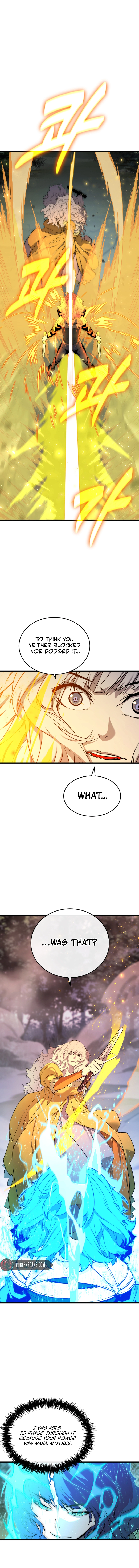 The Player of the Fallen Family Chapter 28 Page 5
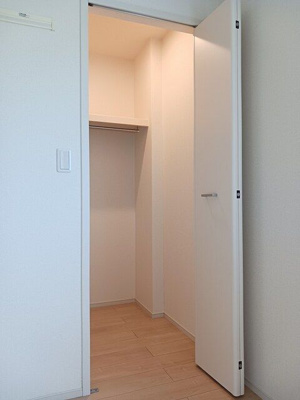 【収納】 | サニーコートⅣ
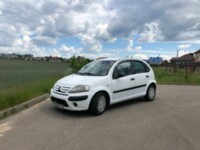 Citroen C3 I · Рестайлинг, 2008 г.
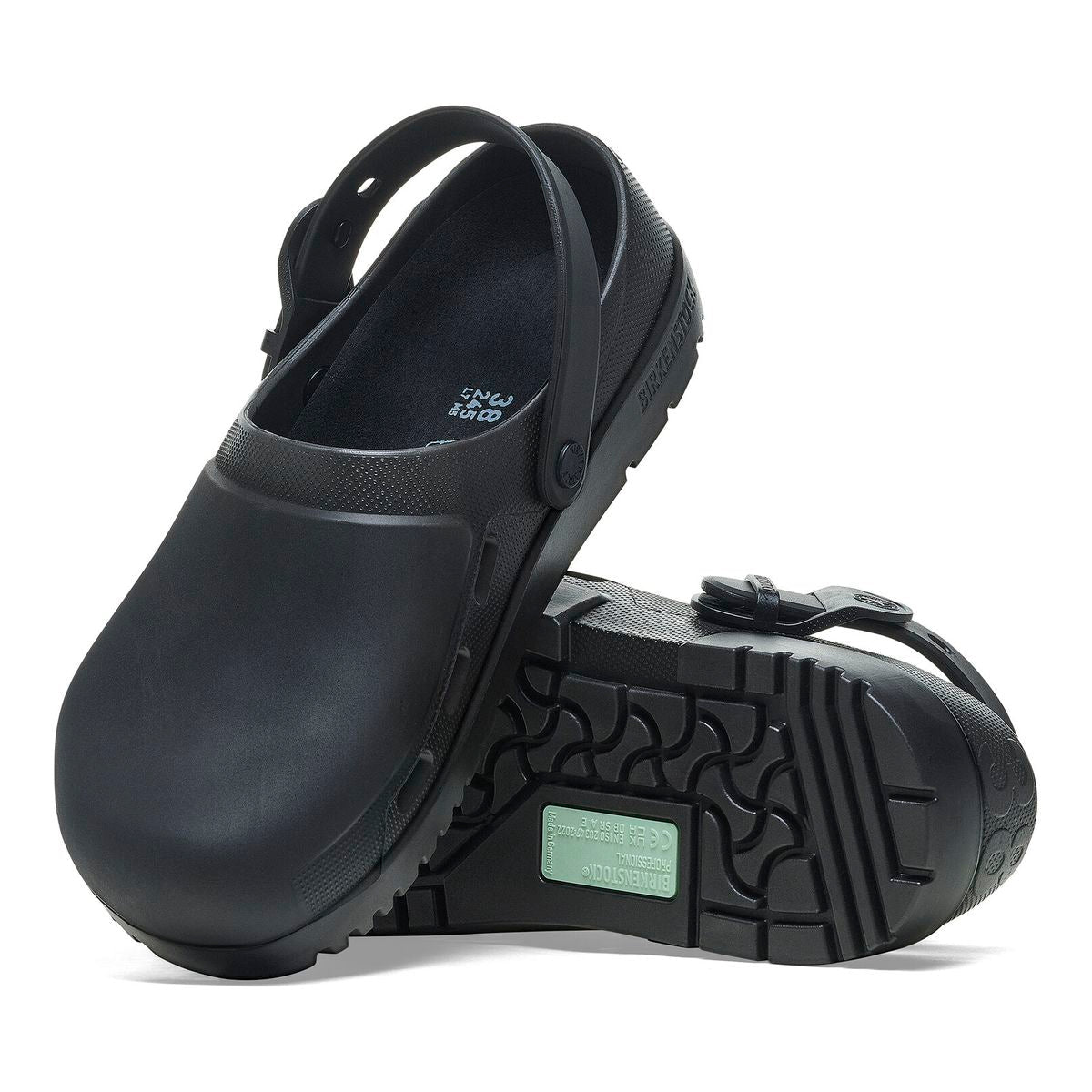 Birkenstock Birki Air 2.0 in Black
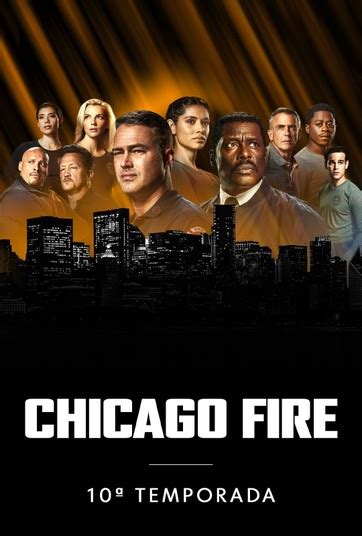 Assistir Chicago Fire Canais Globo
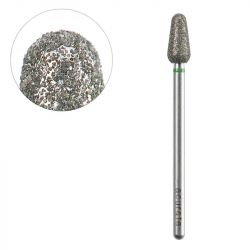 Frézka na pedikúru diamantová kužel 4,7/10,0mm ACURATA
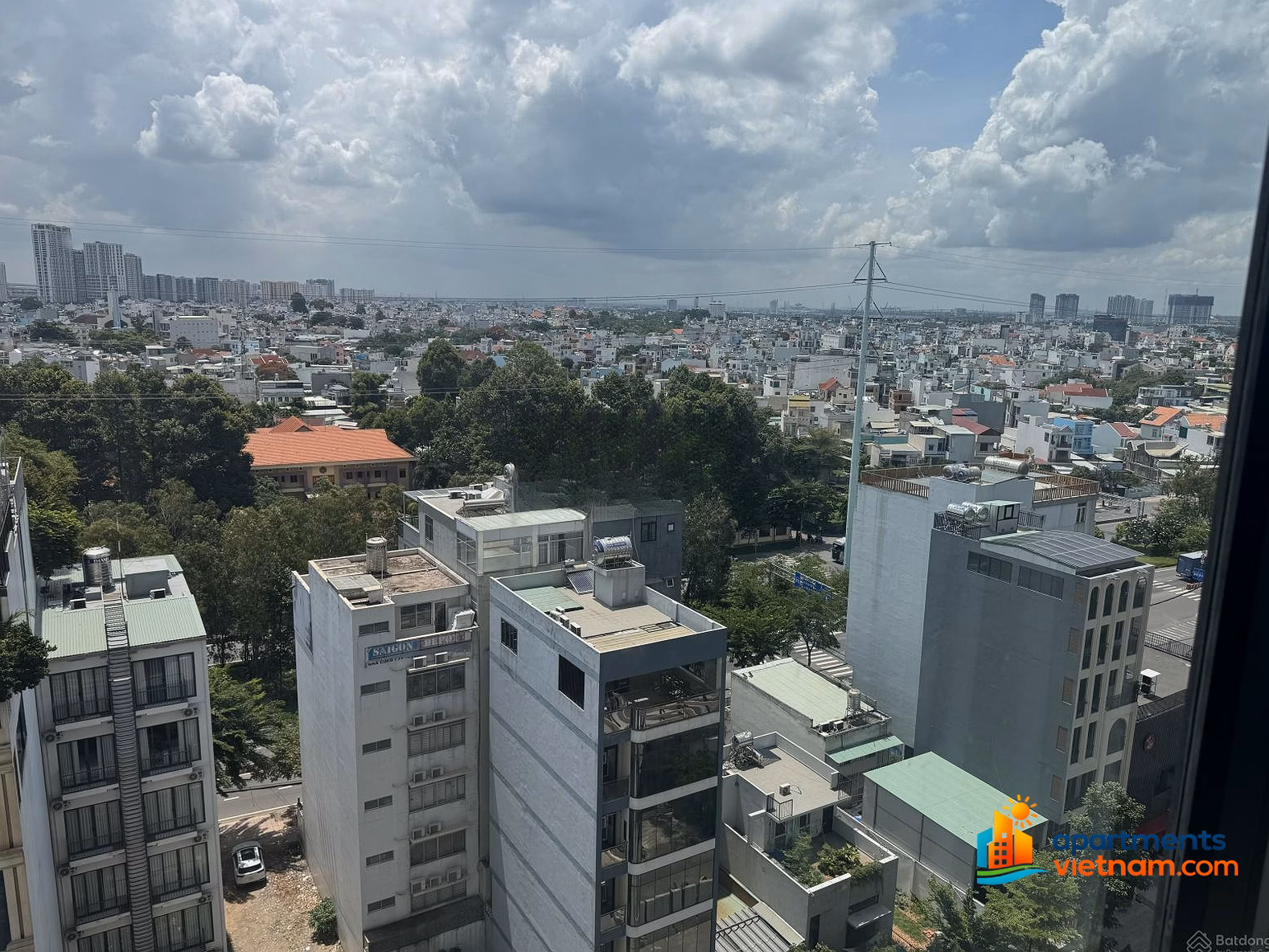 Owner sells 2 bedroom 2 bathroom apartment 85m2 at Feliz En Vista district 2 for 9 billion 500 million including taxes and fees
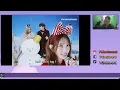Reaction Indonesia ALLDAY PROJECT - ADPRESENT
════════════════════
The problem>
Word for word, repeat only the lines from the line containing "Frézka na pedikúru" through the end of the data, without any pictures.

Task solution>
 Frézka na pedikúru diamantová kužel 4,7/10,0mm ACURATA
 Owner sells 2 bedroom 2 bathroom apartment 85m2 at Feliz En Vista district 2 for 9 billion 500 million including taxes and fees
Reaction Indonesia ALLDAY PROJECT - ADPRESENT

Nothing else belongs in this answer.